## About this exercise
Return each line of the entries that mentions the word "with".

Source data:
═══
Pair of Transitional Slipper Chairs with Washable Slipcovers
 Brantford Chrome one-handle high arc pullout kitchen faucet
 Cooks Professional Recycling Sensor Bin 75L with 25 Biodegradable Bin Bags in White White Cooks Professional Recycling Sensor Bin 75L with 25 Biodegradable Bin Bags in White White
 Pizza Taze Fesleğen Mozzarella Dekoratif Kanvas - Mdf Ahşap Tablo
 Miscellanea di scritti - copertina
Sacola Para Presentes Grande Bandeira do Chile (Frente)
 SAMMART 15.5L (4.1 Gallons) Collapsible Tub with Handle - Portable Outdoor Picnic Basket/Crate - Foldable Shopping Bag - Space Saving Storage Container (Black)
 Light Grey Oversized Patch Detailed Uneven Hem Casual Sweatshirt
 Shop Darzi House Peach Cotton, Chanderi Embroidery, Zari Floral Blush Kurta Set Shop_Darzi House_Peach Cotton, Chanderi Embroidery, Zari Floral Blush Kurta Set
═══
## Exercise result
Pair of Transitional Slipper Chairs with Washable Slipcovers
 Cooks Professional Recycling Sensor Bin 75L with 25 Biodegradable Bin Bags in White White Cooks Professional Recycling Sensor Bin 75L with 25 Biodegradable Bin Bags in White White
 SAMMART 15.5L (4.1 Gallons) Collapsible Tub with Handle - Portable Outdoor Picnic Basket/Crate - Foldable Shopping Bag - Space Saving Storage Container (Black)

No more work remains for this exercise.